------ DATASET EXTRACT ------

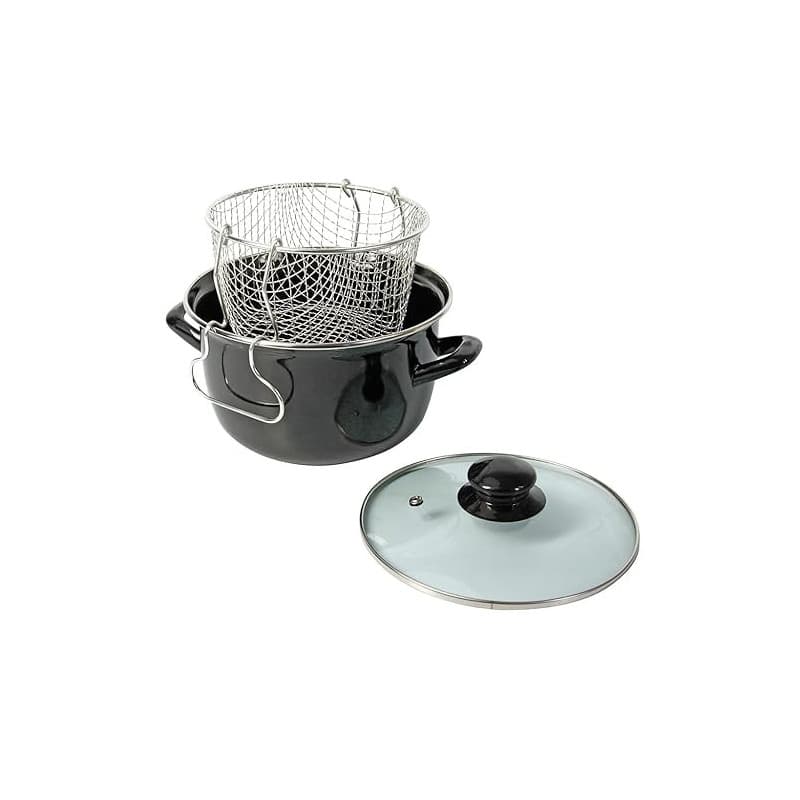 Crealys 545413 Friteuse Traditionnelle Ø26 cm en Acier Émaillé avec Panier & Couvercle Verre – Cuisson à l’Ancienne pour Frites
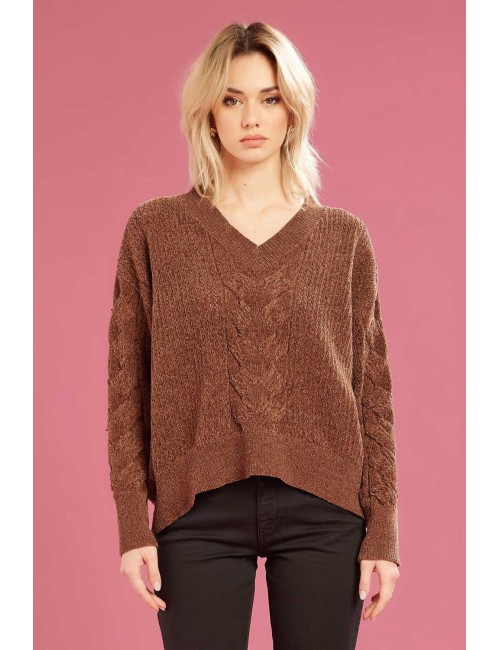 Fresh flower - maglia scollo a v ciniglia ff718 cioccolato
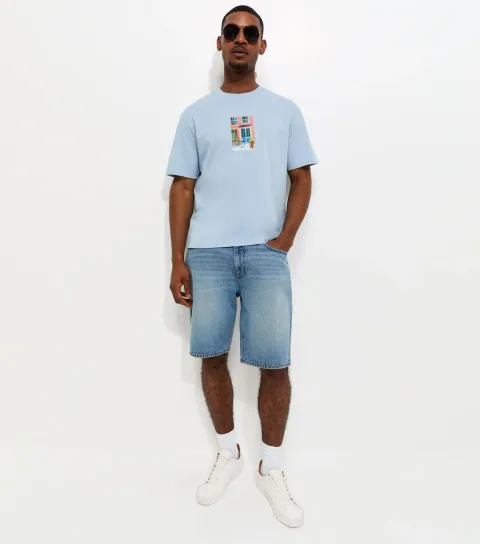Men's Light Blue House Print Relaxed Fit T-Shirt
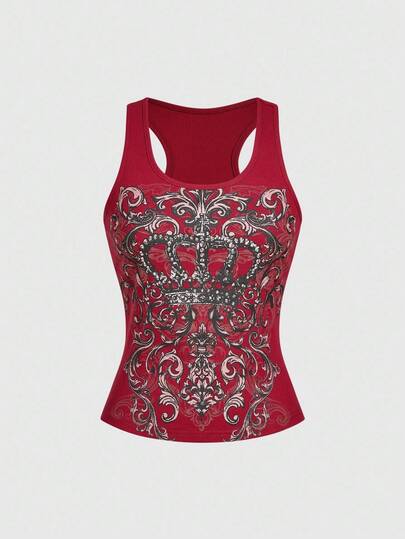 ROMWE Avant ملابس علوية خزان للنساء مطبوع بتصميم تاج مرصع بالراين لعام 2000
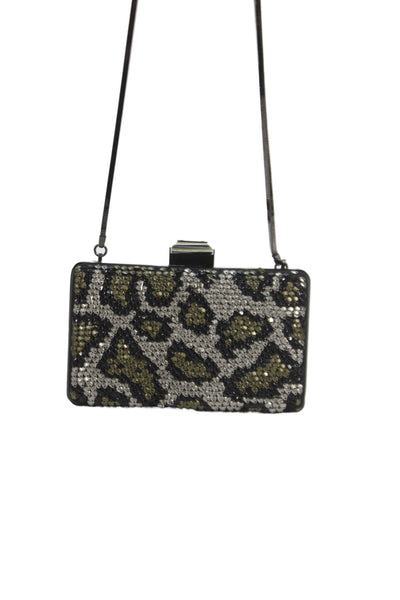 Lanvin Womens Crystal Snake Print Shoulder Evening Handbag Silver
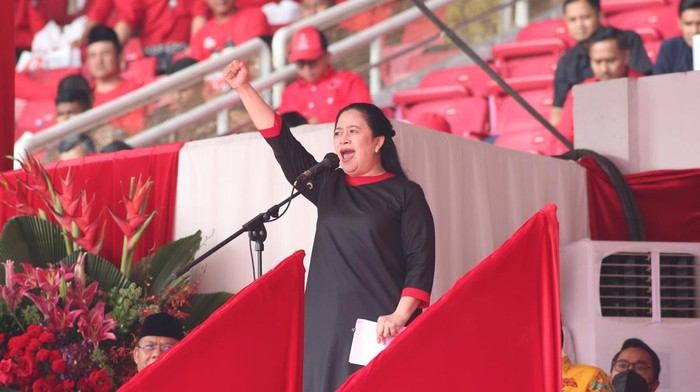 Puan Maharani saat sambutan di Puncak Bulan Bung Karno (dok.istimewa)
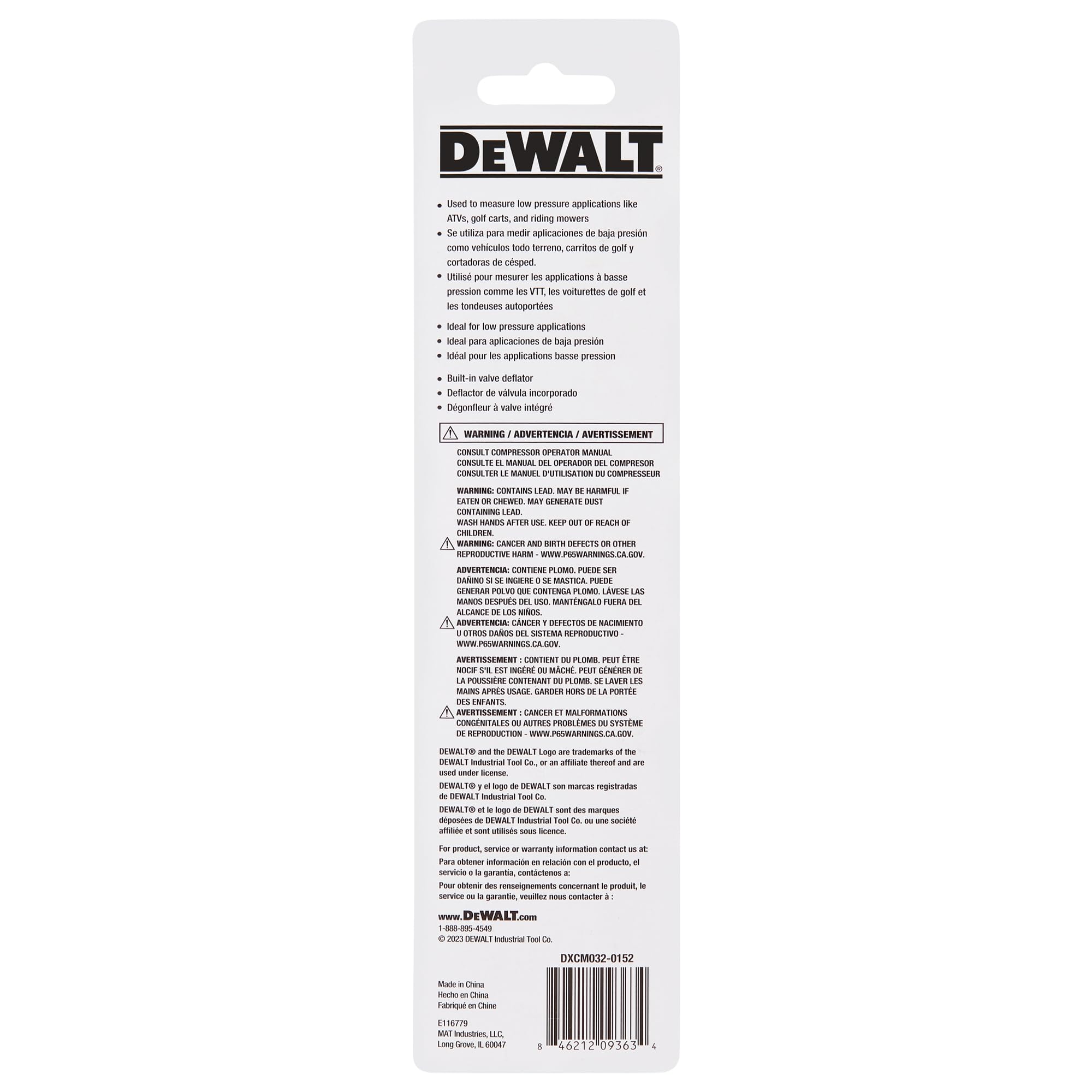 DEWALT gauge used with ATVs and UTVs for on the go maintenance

------
------ DATASET EXTRACT ------

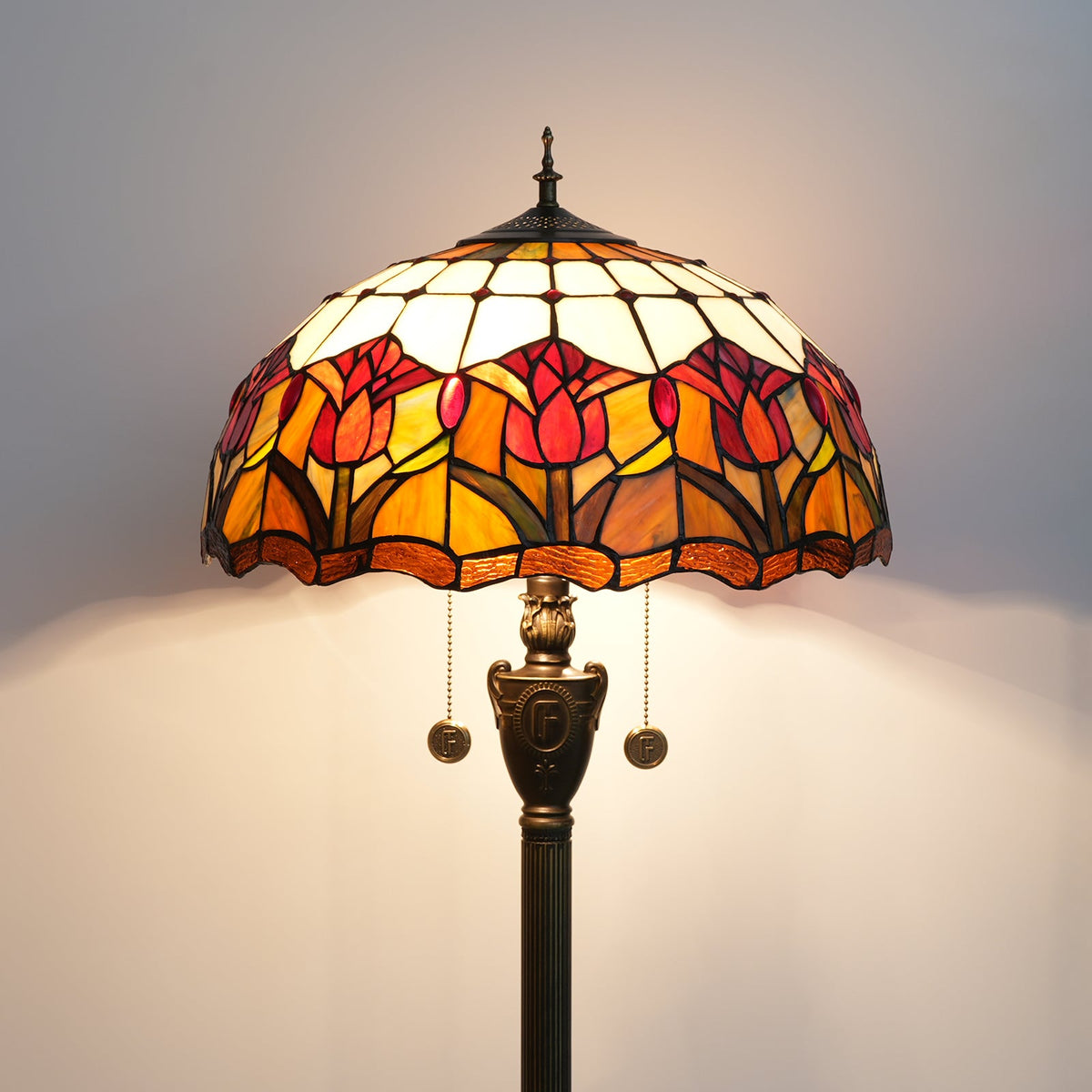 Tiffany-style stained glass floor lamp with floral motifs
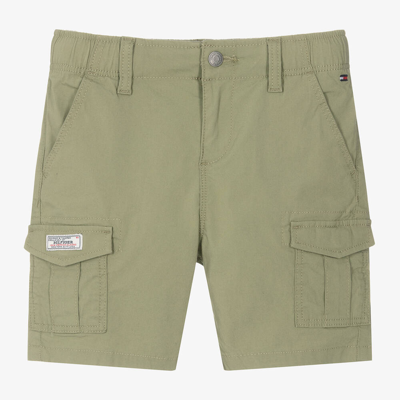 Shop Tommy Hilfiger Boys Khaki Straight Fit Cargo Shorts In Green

------

Please copy out from the data above, without any picture, exactly the lines running from the one that holds "ROMWE Avant ملابس" through the one that holds "DEWALT gauge used", and nothing beyond them.

 ROMWE Avant ملابس علوية خزان للنساء مطبوع بتصميم تاج مرصع بالراين لعام 2000
 Lanvin Womens Crystal Snake Print Shoulder Evening Handbag Silver
 Puan Maharani saat sambutan di Puncak Bulan Bung Karno (dok.istimewa)
 DEWALT gauge used with ATVs and UTVs for on the go maintenance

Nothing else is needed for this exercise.